▶ **EXERCISE OBJECTIVE**
Using the listing below, give again exactly the lines from the line with "AGARO Hand Made" to the line with "Bolsa de hombro", inclusive, without the pictures.

▶ **PROVIDED RECORDS**
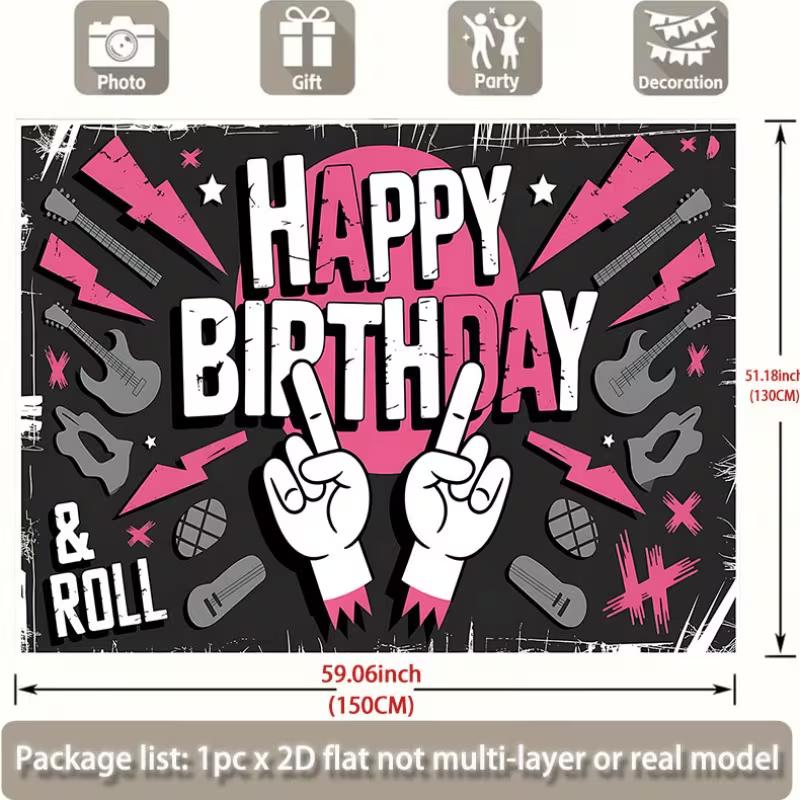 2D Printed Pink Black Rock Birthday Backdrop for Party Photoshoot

* * *

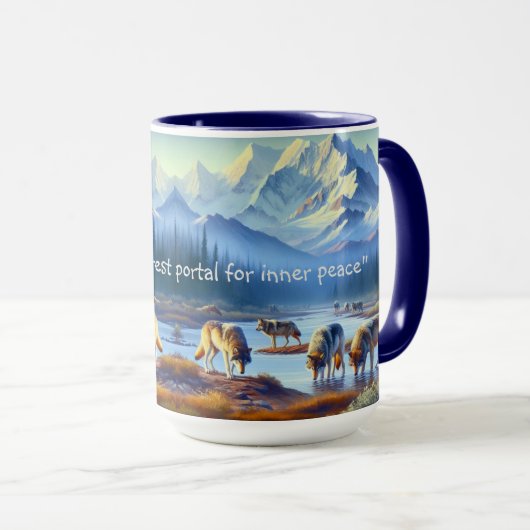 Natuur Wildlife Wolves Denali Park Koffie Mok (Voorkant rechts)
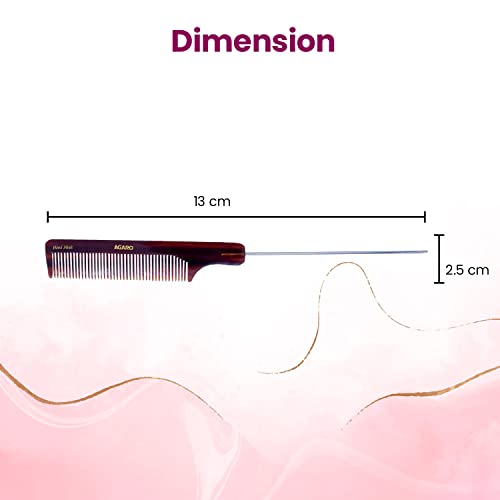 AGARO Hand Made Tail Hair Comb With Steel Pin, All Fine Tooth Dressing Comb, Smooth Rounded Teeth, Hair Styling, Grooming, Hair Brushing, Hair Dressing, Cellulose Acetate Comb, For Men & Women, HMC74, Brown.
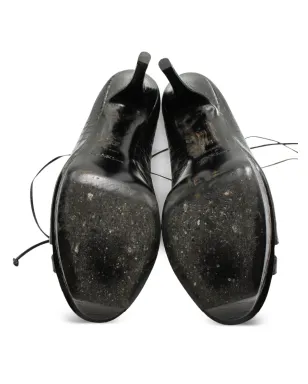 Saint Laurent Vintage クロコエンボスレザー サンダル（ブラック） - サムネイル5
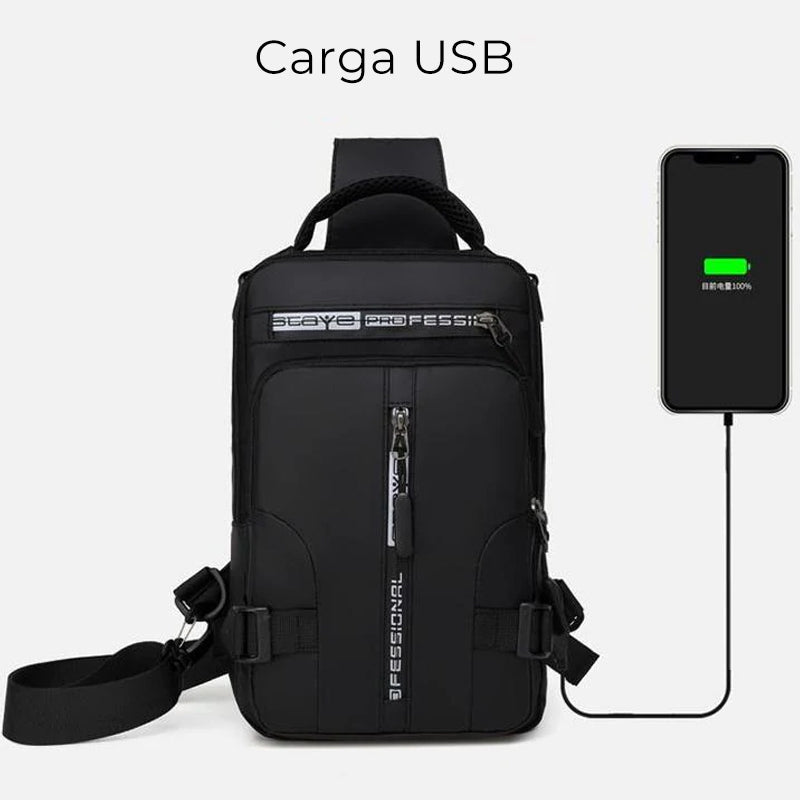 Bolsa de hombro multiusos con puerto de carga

▶ **RESPONSE**
 AGARO Hand Made Tail Hair Comb With Steel Pin, All Fine Tooth Dressing Comb, Smooth Rounded Teeth, Hair Styling, Grooming, Hair Brushing, Hair Dressing, Cellulose Acetate Comb, For Men & Women, HMC74, Brown.
 Saint Laurent Vintage クロコエンボスレザー サンダル（ブラック） - サムネイル5
 Bolsa de hombro multiusos con puerto de carga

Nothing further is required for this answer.